I've been following the theme of sexual deviancy rampant in early modern European narratives that contributed to the racist discourse about West Africa. They said we had no morals, were fucking whomever we wanted, and that our idea of marriage was too transactional.
Sir John Mandeville said that "in Ethiopia and in many other countries [in Africa] the folk lie all naked . . . and the women have no shame of the men.”
Samuel Purchas said that the West African, unlike their northern neighbors, lived "a brutish and savage life, without any King, Governour, Common-wealth, or knowledge of husbandry.”
Leo Africanus added our ancestors were "clad ... in skinnes of beasts, neither had they any peculiar wives . . . and when night came they resorted, both men and women, into one cottage together . . . and each man choosing his [woman] which hee had most fanciee unto."
This tradition contributed to the globalized narrative of the African, and consequently, the Igbo. And then, enter Anglican Bishop George Basden and his 1921 book “ethnographical” text, “Among the Ibos of Nigeria.”

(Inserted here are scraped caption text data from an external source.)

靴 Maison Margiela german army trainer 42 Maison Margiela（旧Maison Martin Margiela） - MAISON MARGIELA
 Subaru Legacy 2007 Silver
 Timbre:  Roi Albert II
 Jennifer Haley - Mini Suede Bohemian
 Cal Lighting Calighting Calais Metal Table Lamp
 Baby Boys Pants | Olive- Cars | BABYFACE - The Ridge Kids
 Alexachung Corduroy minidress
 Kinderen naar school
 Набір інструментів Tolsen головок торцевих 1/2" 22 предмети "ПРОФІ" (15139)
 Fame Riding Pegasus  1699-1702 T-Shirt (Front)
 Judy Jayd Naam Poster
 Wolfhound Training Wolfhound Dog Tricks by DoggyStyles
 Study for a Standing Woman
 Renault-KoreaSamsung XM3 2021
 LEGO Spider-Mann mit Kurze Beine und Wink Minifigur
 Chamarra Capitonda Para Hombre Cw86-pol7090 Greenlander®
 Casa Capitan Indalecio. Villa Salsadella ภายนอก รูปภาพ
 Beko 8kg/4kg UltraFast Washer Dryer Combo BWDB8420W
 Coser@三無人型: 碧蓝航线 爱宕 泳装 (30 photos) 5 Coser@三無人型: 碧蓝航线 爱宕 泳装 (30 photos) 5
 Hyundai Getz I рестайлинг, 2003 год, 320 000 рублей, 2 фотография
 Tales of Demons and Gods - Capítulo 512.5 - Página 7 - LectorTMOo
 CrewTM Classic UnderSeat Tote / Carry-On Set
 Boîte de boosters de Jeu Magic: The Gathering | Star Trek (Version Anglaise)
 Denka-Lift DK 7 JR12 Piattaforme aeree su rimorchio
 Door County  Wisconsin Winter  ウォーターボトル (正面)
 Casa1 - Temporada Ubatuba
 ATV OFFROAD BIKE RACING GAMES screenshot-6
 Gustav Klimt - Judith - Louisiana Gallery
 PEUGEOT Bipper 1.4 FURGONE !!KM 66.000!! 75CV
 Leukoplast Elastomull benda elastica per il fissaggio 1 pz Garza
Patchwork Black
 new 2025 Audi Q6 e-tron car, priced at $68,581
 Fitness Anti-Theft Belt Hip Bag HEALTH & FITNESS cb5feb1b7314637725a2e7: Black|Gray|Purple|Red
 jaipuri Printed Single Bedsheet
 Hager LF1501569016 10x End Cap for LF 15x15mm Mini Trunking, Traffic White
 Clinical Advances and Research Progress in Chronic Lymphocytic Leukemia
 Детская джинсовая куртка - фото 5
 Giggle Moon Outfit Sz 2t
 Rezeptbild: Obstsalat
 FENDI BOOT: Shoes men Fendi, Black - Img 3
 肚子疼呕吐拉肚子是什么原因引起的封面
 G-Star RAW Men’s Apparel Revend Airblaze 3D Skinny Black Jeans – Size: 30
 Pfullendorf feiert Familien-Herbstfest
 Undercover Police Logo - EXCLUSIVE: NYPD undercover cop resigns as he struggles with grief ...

Basden said Igbo women “select their companions from their own sex, as do the men, but each has her own particular male friend, independently of her husband, with whom a more or less clandestine relationship is maintained.”
Basden continued, saying that “women consort to women.” Emphasis on "consort."

This is part of our supposed moral decadence they tried to correct.
In “Transforming Christian Womanhood: Female Sexuality and Church Missionary Society Encounters in the Niger Mission, Onitsha,” Jenny Daggers said that the “effort to convert African women to Christianity transformed the religious and sexual lives of African women converts.”
A lot went into beating the Igbo into shape to fit the Victorian notion of womanhood, marriage, and family. And so, most of what we call our culture today are colonial relics they thought were superior to our structures/systems.
It's okay to say you disagree with their racist framing of our early approach to sex, marriage, and gender realities. That's the point of this thread, to critically access the lens through which they narrativized us.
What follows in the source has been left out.